New source of information on evolution of European gobies
20 Jul 2023
A team led by LMU paleontologist Bettina Reichenbacher has demonstrated for the first time that ‘earstones’ and skeletal traits permit to recognize familial relationships of the fish.
Gobiidae (gobies) is one of the most species-rich families of marine and freshwater fish in Europe. They are generally quite small (maximum 10 cm), spend the vast majority of their lives on the floors of waterbodies, and make substantial contributions to the functioning of various ecosystems by virtue of their abundance and variety. An important strand of research into today’s gobies seeks to understand their evolutionary history through molecular analyses and with the help of fossils. Fossils are vitally important because they are the only direct evidence we have to know which gobies existed many millions of years ago.

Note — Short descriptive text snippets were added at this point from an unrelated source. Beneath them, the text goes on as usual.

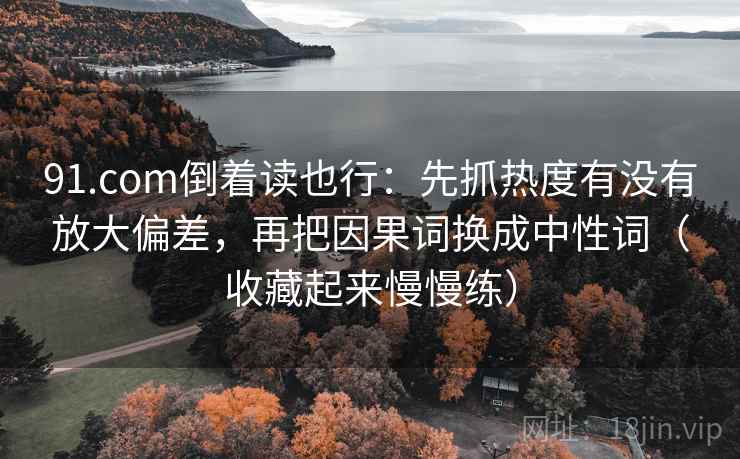 91.com倒着读也行：先抓热度有没有放大偏差，再把因果词换成中性词（收藏起来慢慢练）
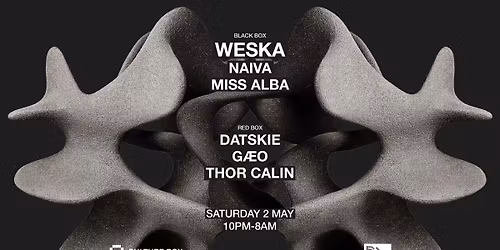 WESKA \/ NAIVA \/ MISS ALBA \/ DATSKIE \/ G\u00c6O \/ THOR CALIN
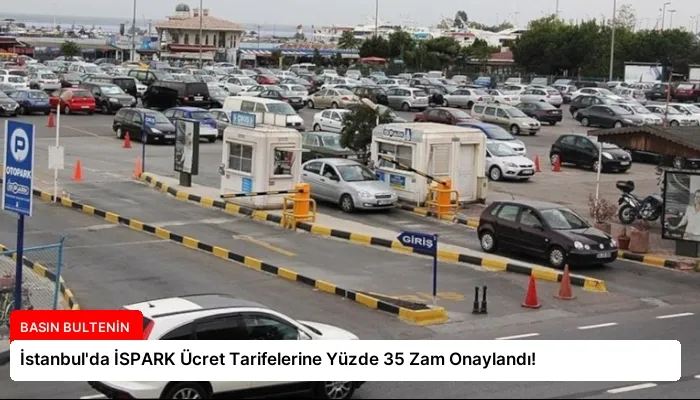 İstanbul’da İSPARK Ücret Tarifelerine Yüzde 35 Zam Onaylandı!
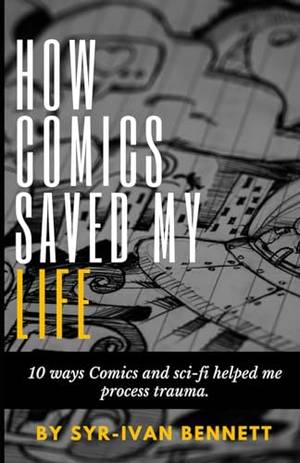 How Comics Saved My Life - A Deep Dive Review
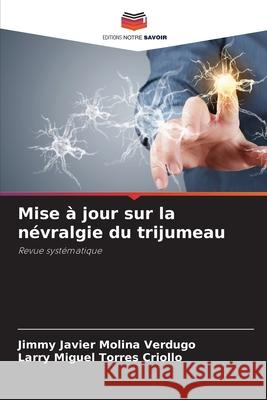 Mise à jour sur la névralgie du trijumeau Molina Verdugo, Jimmy Javier, Torres Criollo, Larry Miguel 9786200741394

It is a scientific challenge, however, to precisely classify fossil gobies – that is to say, determining to which present-day gobies they are most closely related. Molecular methods are of course not available for fossils, but we do have their hard parts, namely the bones of their skeletons, their teeth, scales, and ‘earstones’ – or otoliths to give them their scientific name. Otoliths are biomineralizations in the inner ear of gobies (and indeed all bony fish). Primarily, they help the fish with balance, orientation, and acoustic communication. But whether hard parts such as skeletal traits or otoliths permit precise classification of a goby fossil could not be established with certainty before now.
An international team of scientists led by Professor Bettina Reichenbacher from the Department of Earth and Environmental Sciences at LMU and the GeoBioCenter at LMU has now presented a comprehensive dataset on the skeletal traits and otoliths of present-day European gobies in the Zoological Journal of the Linnean Society. The researchers document that the morphology of otoliths allows classification at the levels of genus and species and even between closely related dwarf gobies, and that skeletal traits and morphometric otolith variables can be diagnostic for a goby lineage. They conclude that the new data are a valuable reference tool for evaluating the phylogenetic relationships of fossil gobies. “Our results pave the way for future research into goby fossils in the context of their familial relationships with the gobies of today, thus making a significant contribution to our knowledge of the evolutionary history of this highly interesting family,” says Reichenbacher.